Closed syamajala closed 8 months ago
This looks like memory corruption to me. This is before we've even started Legion and we're trying to move an STL vector from one place to another. STL failures like this are almost always memory corruption.
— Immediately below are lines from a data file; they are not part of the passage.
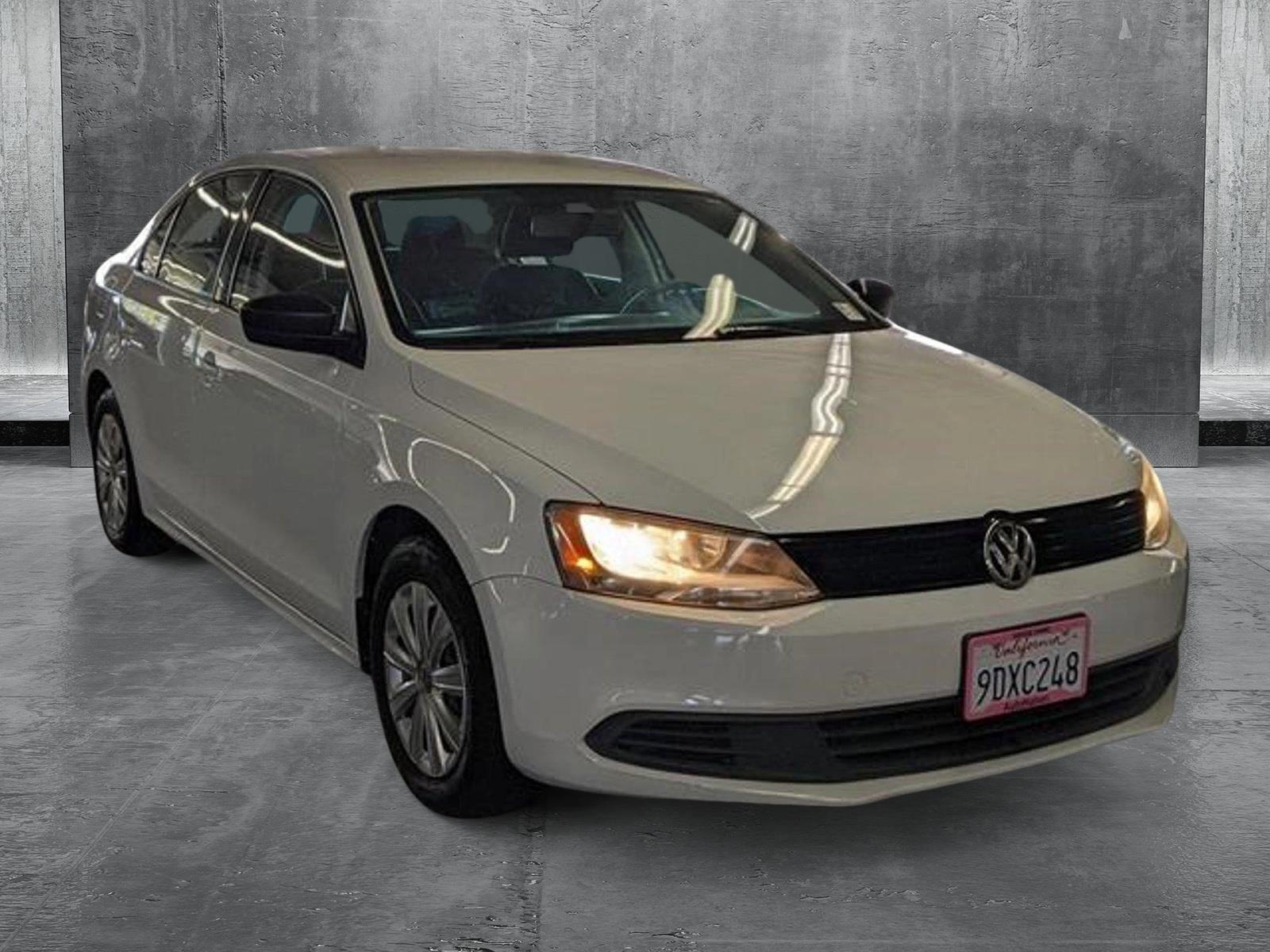 2014 Volkswagen Jetta Sedan Vehicle Photo in CLEARWATER, FL 33764-7163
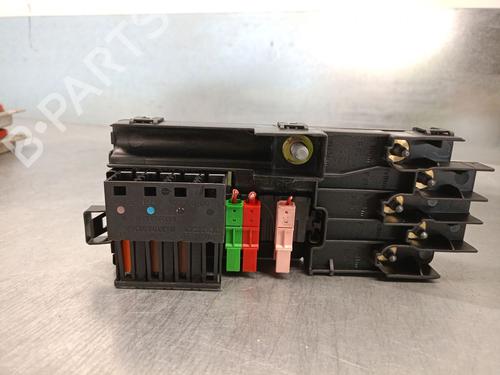 Fuse box MERCEDES-BENZ GL-CLASS (X164) GL 320 CDI 4-matic (164.822) | BP19059051E1 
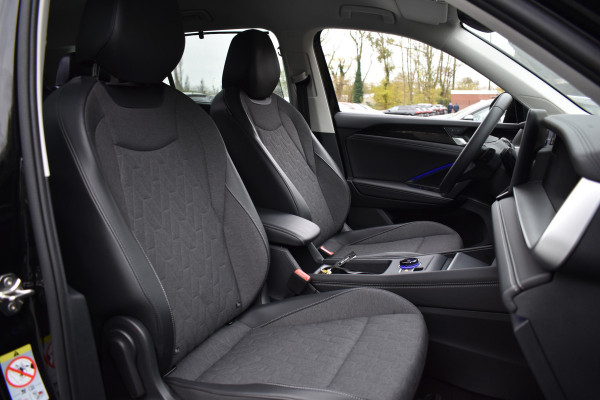 Volkswagen Tayron 1.5 eTSI 150PK DSG LIFE 7-PERSOONS/TREKHAAK/360CAMERA FABRIEKS GARANTIE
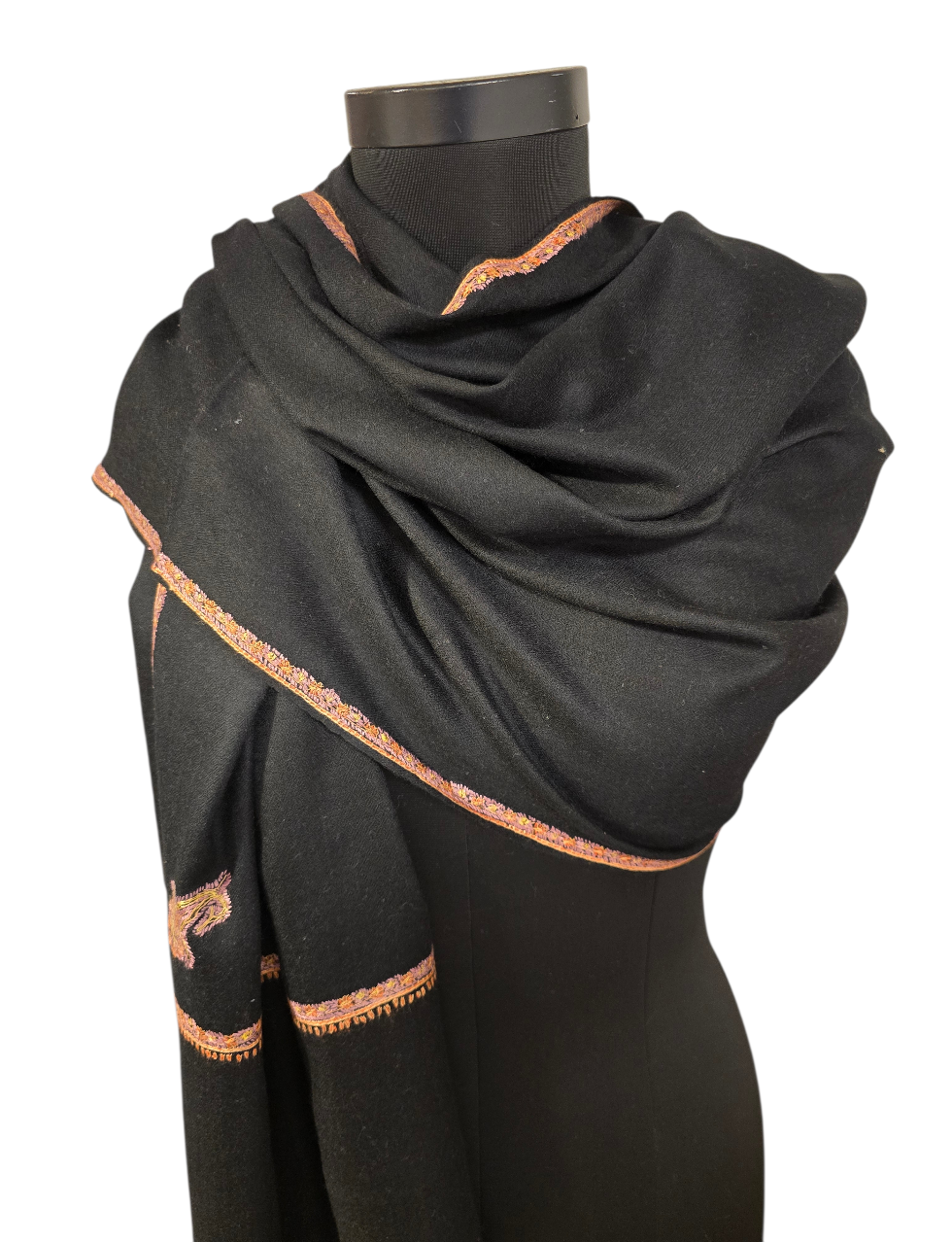 Sort sjal i cashmere og merino med håndbroderte detaljer (26)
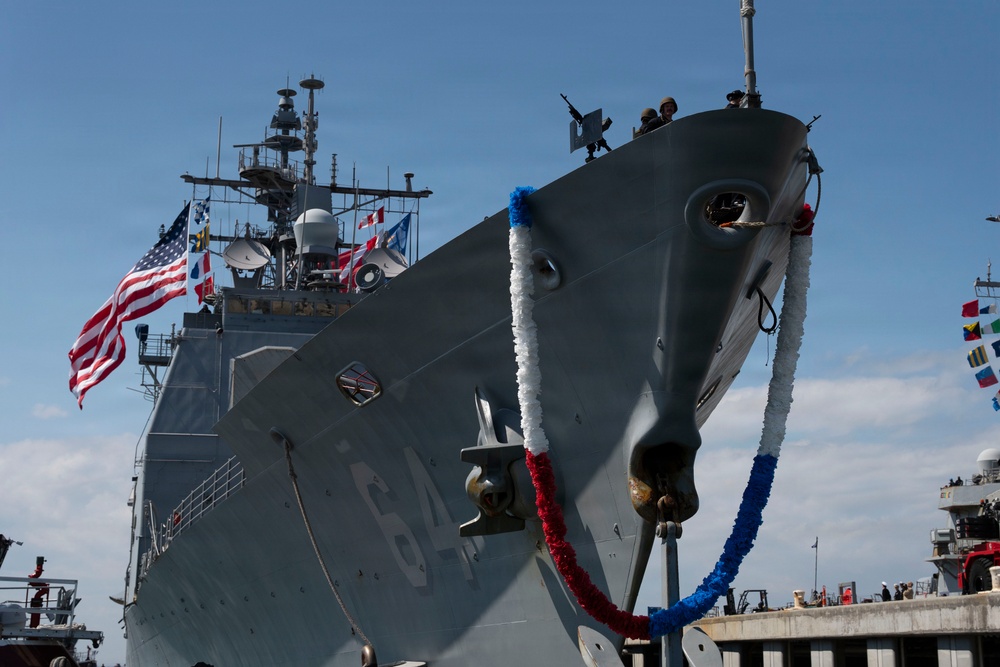 USS Gettysburg Returns to Naval Station Norfolk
Usually when they happen so early in the program though they are not hard to find.
FWIW, LayoutConstraintSet::operator=
isn't even code we've written, it is a compiler-generated operator implementation.
I tried running with valgrind and I'm seeing stuff like this:
==1908013== Conditional jump or move depends on uninitialised value(s)
==1908013== at 0xD9DDA5E: std::vector<Legion::OffsetConstraint, std::allocator<Legion::OffsetConstraint> >::operator=(std::vector<Legion::OffsetConstraint, std::allocator<Legion::OffsetConstraint> > const&) (vector.tcc:224)
==1908013== by 0xD9CF8E6: Legion::LayoutConstraintSet::operator=(Legion::LayoutConstraintSet const&) (legion_constraint.h:746)
==1908013== by 0xE2982B4: Legion::LayoutConstraintRegistrar::operator=(Legion::LayoutConstraintRegistrar const&) (legion.h:2553)
==1908013== by 0xE286AD5: Legion::Internal::Runtime::preregister_layout(Legion::LayoutConstraintRegistrar const&, unsigned long) (runtime.cc:30112)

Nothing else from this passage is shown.